Our reference sequence directory is /home/morrellp/shared/References/Reference_Sequences/Barley/Morex/. There are both the puiblished version of the Morex assembly and the pseudo-scaffolds created by M. Mascher.

Have yet to figure out where to store data during the analysis. In shared space, or in individual home directories?

To Run

  • First, run merge.sh to merge bamfiles.
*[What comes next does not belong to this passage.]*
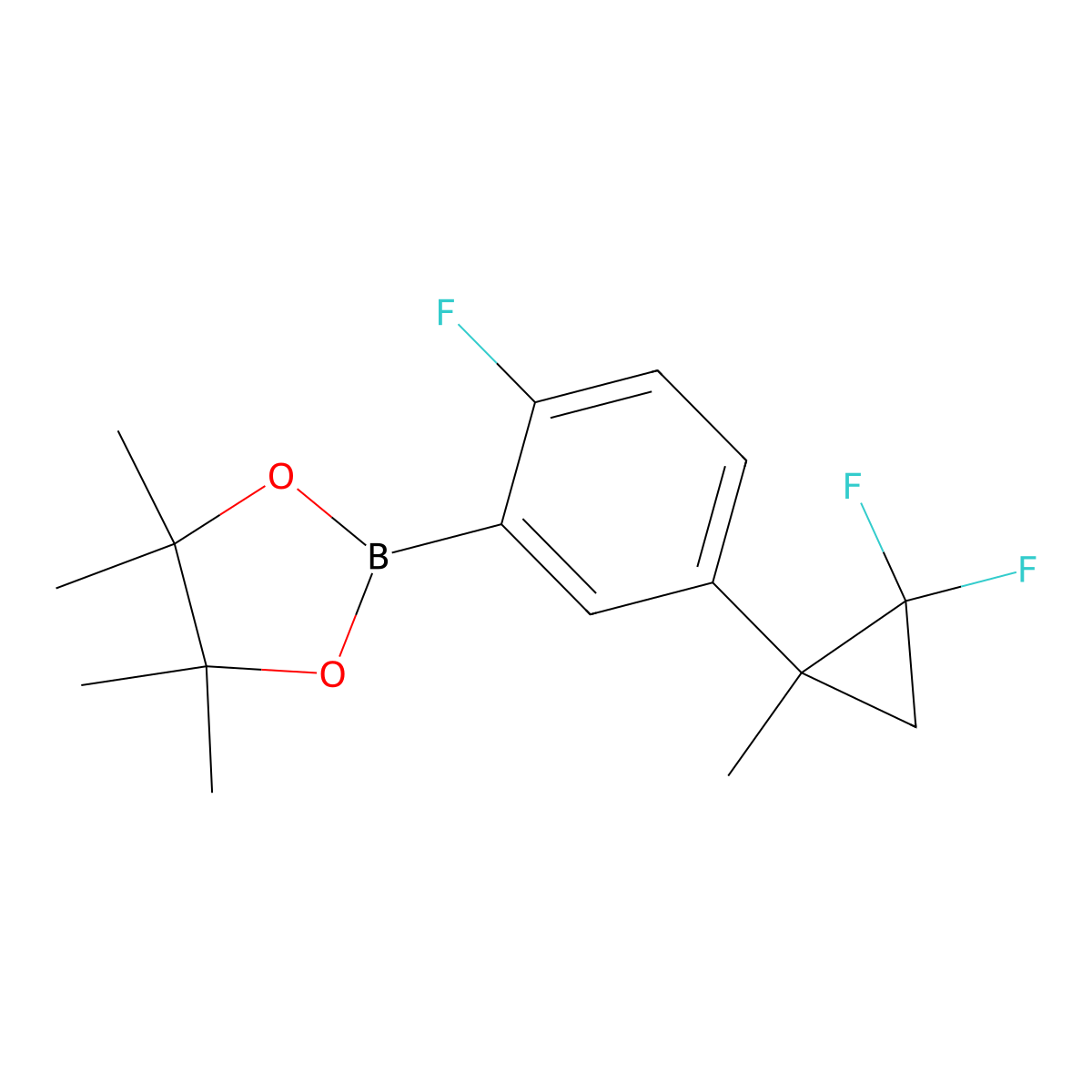 2-(5-(2,2-Difluoro-1-methylcyclopropyl)-2-fluorophenyl)-4,4,5,5-tetramethyl-1,3,2-dioxaborolane molecular structure, CAS 2712544-73-3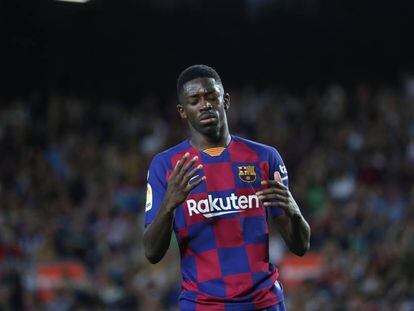 Dembélé ante el Sevilla el domingo.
This is because ANGSD treats each bamfile as an individual.
  • Run trip.sh to make ancestral pseudo-fasta from Tripsacum
  • run angsdo to generate sfs, bedfile of thetas, and windowed TajD and other stats across region.

Angsdo is where you can modify things like min depth, uniqueness, base quality, but these are currently best guesses hardcoded into script.

Files

data:

TRIP* <- these are the ancestral fasta files used for the SFS. Needed even if you choose folded (why?)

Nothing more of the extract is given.